• Entries shown
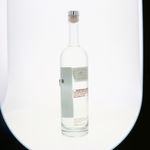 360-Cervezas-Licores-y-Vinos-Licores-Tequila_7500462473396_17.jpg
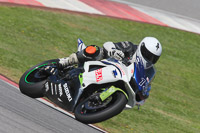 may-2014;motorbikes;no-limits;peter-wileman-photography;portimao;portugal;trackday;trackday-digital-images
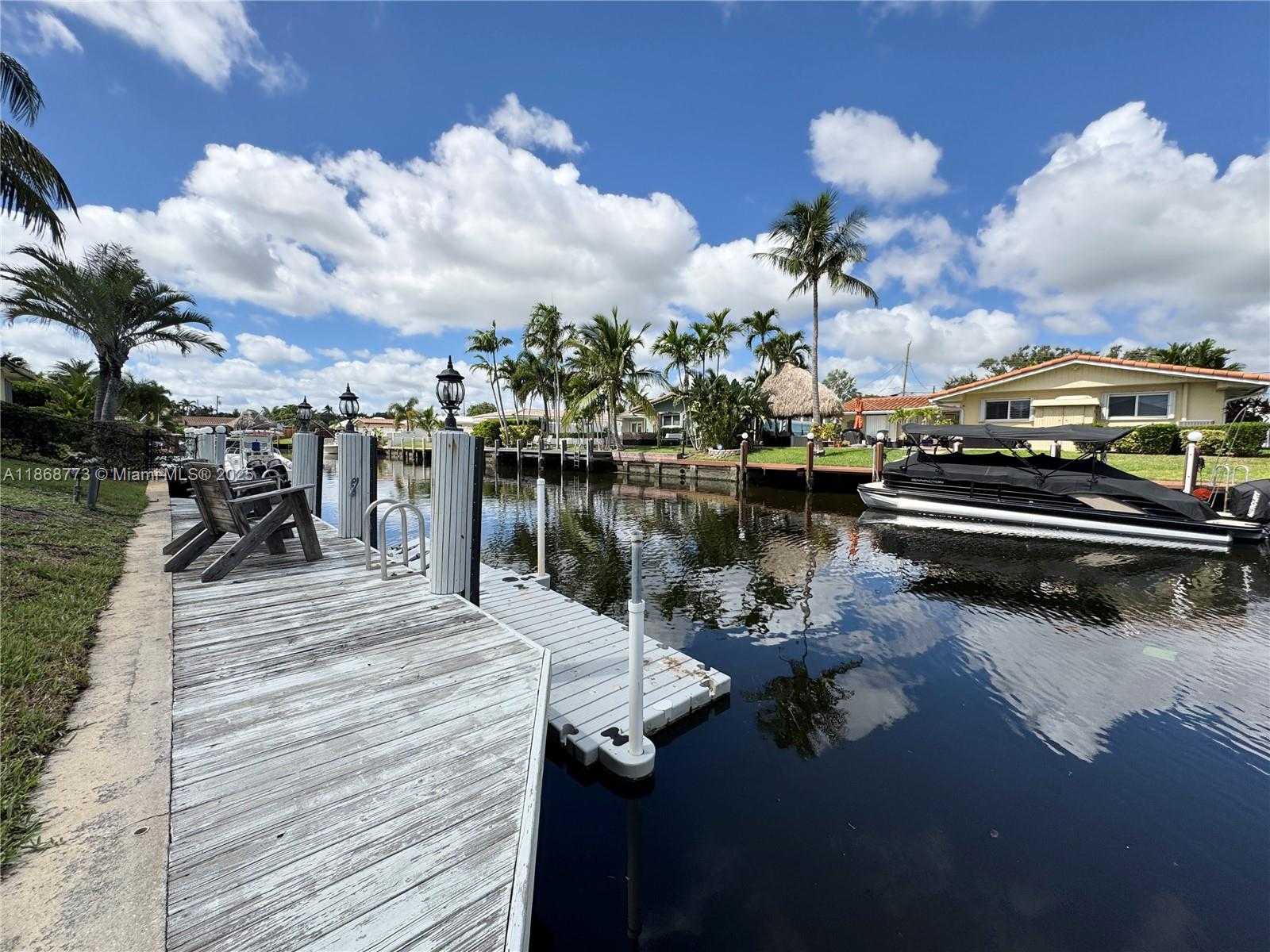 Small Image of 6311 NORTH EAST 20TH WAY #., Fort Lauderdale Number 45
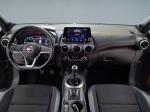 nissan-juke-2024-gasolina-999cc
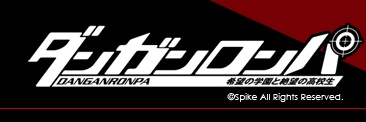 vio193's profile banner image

• Exercise description
Print only the lines running from the one containing "Small Image of" to the end of the data above, exactly; include no pictures.

• Output for this task
 Small Image of 6311 NORTH EAST 20TH WAY #., Fort Lauderdale Number 45
 nissan-juke-2024-gasolina-999cc
 vio193's profile banner image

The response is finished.